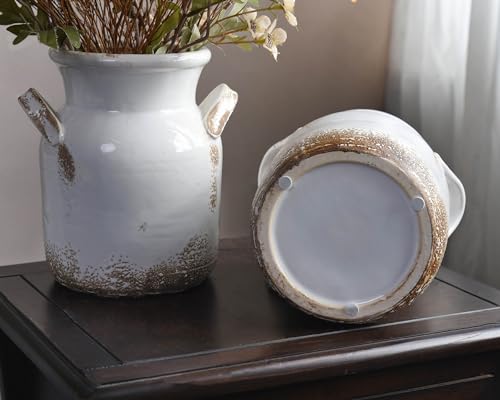 Quoowiit Ceramic Rustic Farmhouse Vase, Distressed Decorative Flower Vase for Home Decor, Ideal Shelf Decor, White Boho Vase for Living Room Bedroom Kitchen Office Decor Centerpiece Table Decorations - color: 8 Inch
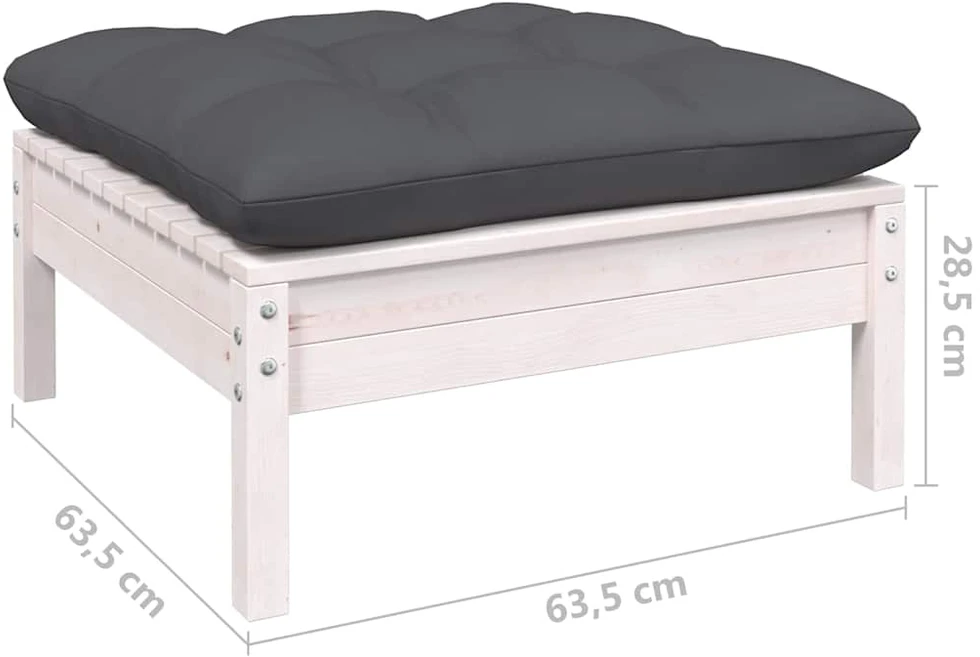 Lauko baldų komplektas Sodo komplektas su antracito pagalvėmis, 5 dalių, pušis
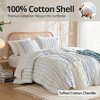 3Pcs Boho Style Duvet Set, Chenille Tufted Geometric Printed Bedding Set, 100% Cotton Bed Set with Matching Shams - 2 of 4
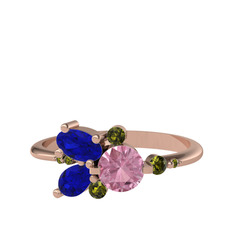 Pembe kuvars, lab safir ve peridot 14 ayar rose altın yüzük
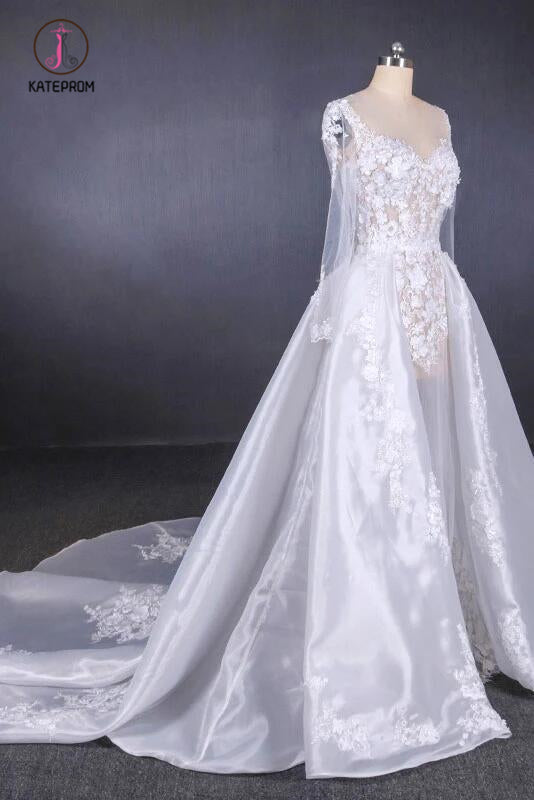 Gorgeous Long Sleeves Sweetheart Wedding Dress, White Bridal Dresses with Applique KPW0471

• • • • • • •

What is required — What you output must match the data exactly, apart from the pictures, which are left out.

Answer section —
 Quoowiit Ceramic Rustic Farmhouse Vase, Distressed Decorative Flower Vase for Home Decor, Ideal Shelf Decor, White Boho Vase for Living Room Bedroom Kitchen Office Decor Centerpiece Table Decorations - color: 8 Inch
 Lauko baldų komplektas Sodo komplektas su antracito pagalvėmis, 5 dalių, pušis
 3Pcs Boho Style Duvet Set, Chenille Tufted Geometric Printed Bedding Set, 100% Cotton Bed Set with Matching Shams - 2 of 4
 Pembe kuvars, lab safir ve peridot 14 ayar rose altın yüzük
 Gorgeous Long Sleeves Sweetheart Wedding Dress, White Bridal Dresses with Applique KPW0471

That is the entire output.